But Estrosi also added that "we regret that these instructions were not sufficiently respected."
He asked the government to make the wearing of masks obligatory at crowded events, including those outdoors. He said masks would now be required "for all our events" in Nice.
‘Disease of the rich, killer of the poor’: How Covid-19 brought Latin America to its knees
The coronavirus pandemic has exposed deep inequalities as it courses through Latin America. Find out how in this long read from Mathew Charles in Bogotá, Colombia - below is an extract, but it's well worth taking a few minutes to read the full piece.
Hospitals usually smell of bleach, but not this one. Instead there is a stale stench of stagnant water.
The cream walls carry deep scars, inflicted by years of passing trolleys. Flakes of paint decorate the floor, uneven from so much traffic of feet and wheels. But the obvious years of chronic underfunding do not reflect the care and compassion of the doctors, nurses and technicians, who control these corridors.
El Tunal hospital is in Bogotá’s sprawling southern suburbs, and it is filling up. At the start of the pandemic in Colombia, it had just 15 beds in the intensive care unit, but by the end of this week that will have increased to a maximum capacity of 104, as each of the hospital wards is converted into a high dependency unit.

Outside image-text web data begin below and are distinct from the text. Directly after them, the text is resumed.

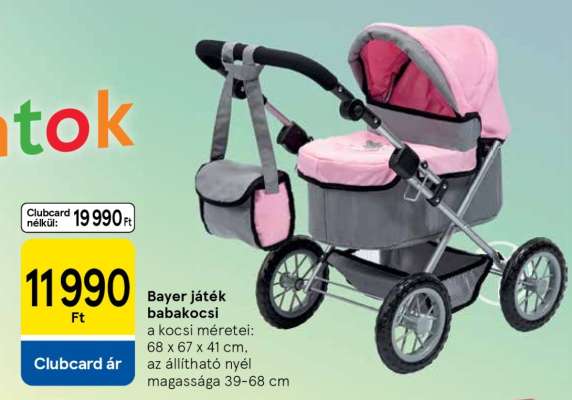 Bayer játék babakocsi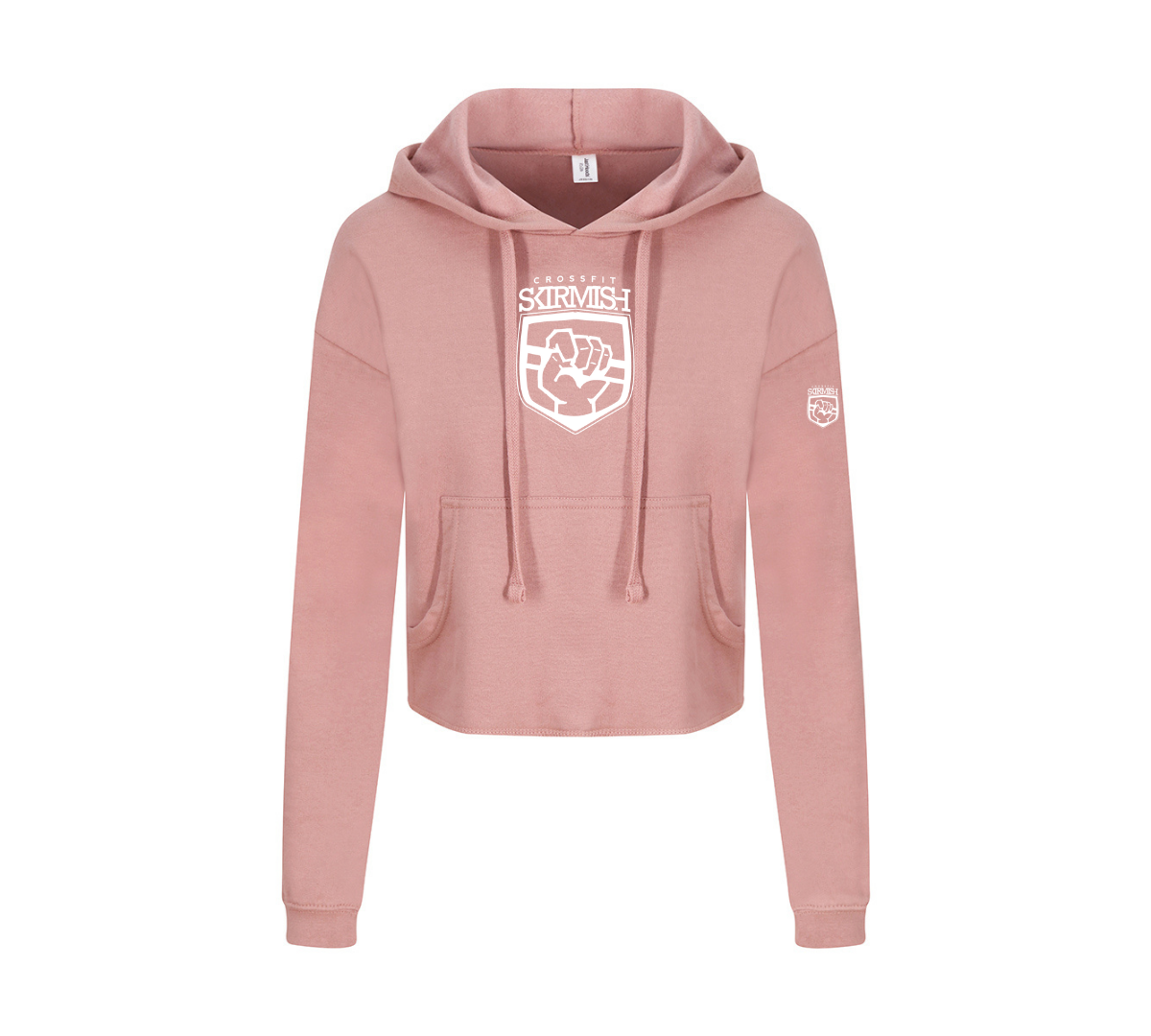 CrossFit Skirmish Ladies Cropped Hoodie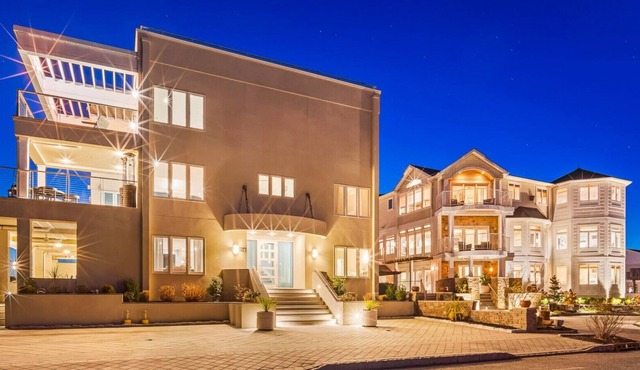 402 and 406 · Exclusive Beachfront Mansions + Sleeps 36 +Hot tubs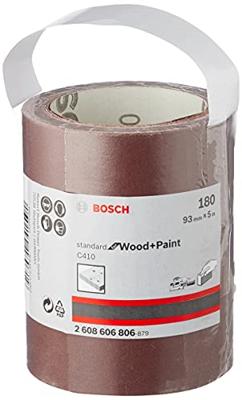 Bosch Accessories 2608606806 Schuurpapierrol Korrelgrootte (num) 180 (l x b) 5 m x 93 mm 5 m Bosch Accessories 2608606806 Schuurpapierrol Korrelgrootte (num) 180 (l x b) 5 m x 93 mm 5 m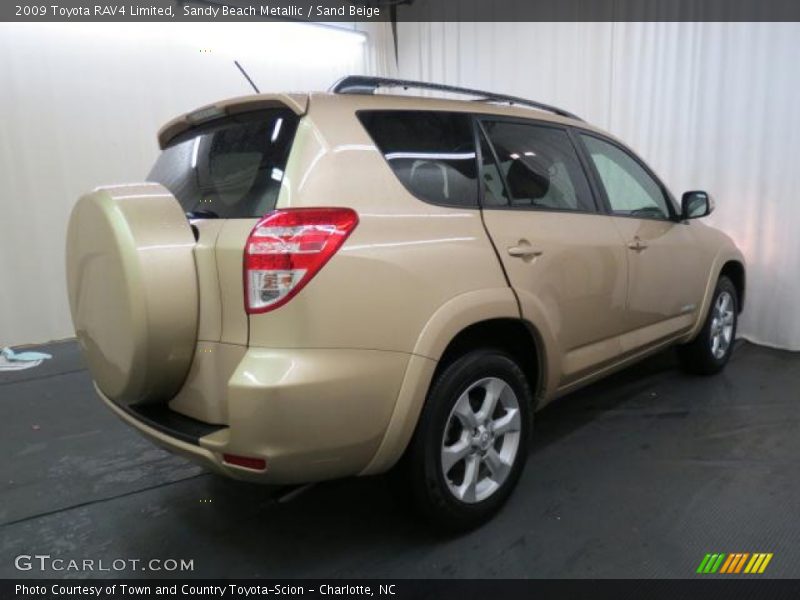 Sandy Beach Metallic / Sand Beige 2009 Toyota RAV4 Limited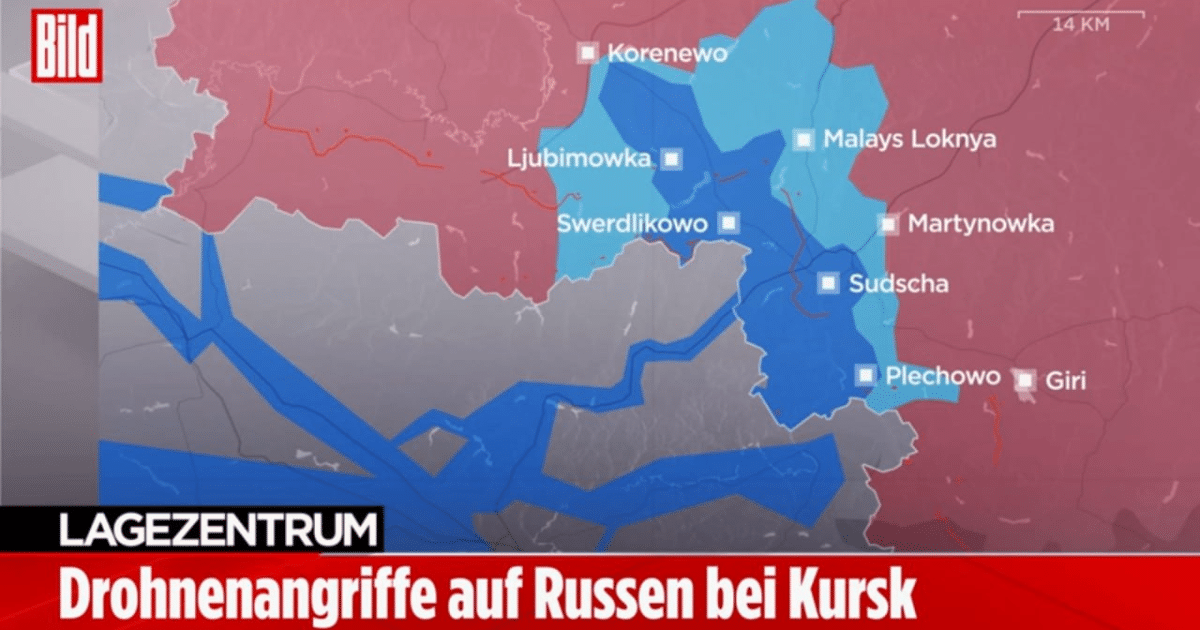 Районът на присъствие на украинските въоръжени сили в Курска област се увеличава, – Bild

“For every patient that leaves ICU, a new one arrives. It’s a conveyor belt,” says Dr Jhon Edinson Parra Mancipe, the head of intensive care. “If a 105th patient is wheeled through those doors, that’s when we need to worry.”
Education debate intensifies in the United States
America's education secretary Betsy DeVos has kept up the administration's push to reopen US schools in the fall today, but failed to embrace any blueprint - including federal health guidelines - for how that could be done safely.
"We know that children get the virus at a far lower rate than any other part of the population. There is nothing in the data that would suggest that kids being back in school is dangerous to them," DeVos told CNN.
But DeVos has drawn criticism for failing to offer any details on how her department would advise or help school districts and states with their reopenings amid a resurgence in coronavirus cases across the country.
She also downplayed the risk of children bringing the virus home to parents, grandparents or caregivers.
Her comments drew an immediate rebuke from Democratic House Speaker Nancy Pelosi, who said the Trump administration's approach to schools reopening was dangerous.
"What we heard from the secretary was malfeasance and dereliction of duty," Pelosi said on CNN. "Going back to school presents the biggest risk for the spread of the coronavirus. If there are CDC guidelines, they should be requirements."
Global news roundup
Here's a brief summary of some of the developing international stories since our morning update at 8:54am - head to 12:10 for a roundup of UK news.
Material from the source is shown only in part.